• _TASK TO CARRY OUT_
Please return the lines from the one with "Adorable ceramic Easter" through the end of the listing below, word for word, with every picture left out.

• _COLLECTED DATA_
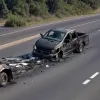 Жахлива ДТП на автобані A23: Авто врізалося у вантажівку та зайнялося
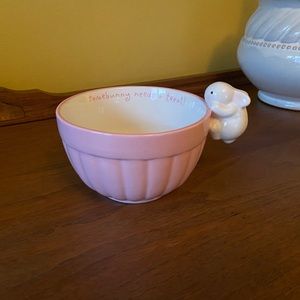 Adorable ceramic Easter Bunny bowl from Hallmark.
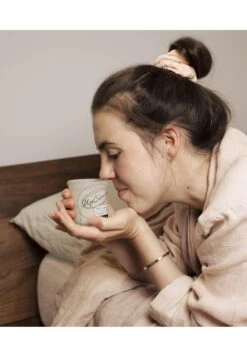 Espresso Martini Soy CandleCandela Profumata- Uomo Fragranze UP534I001-S11 -Vendite KORRES af35e69483884a0391def39bae107707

• _YOUR RESPONSE_
 Adorable ceramic Easter Bunny bowl from Hallmark.
 Espresso Martini Soy CandleCandela Profumata- Uomo Fragranze UP534I001-S11 -Vendite KORRES af35e69483884a0391def39bae107707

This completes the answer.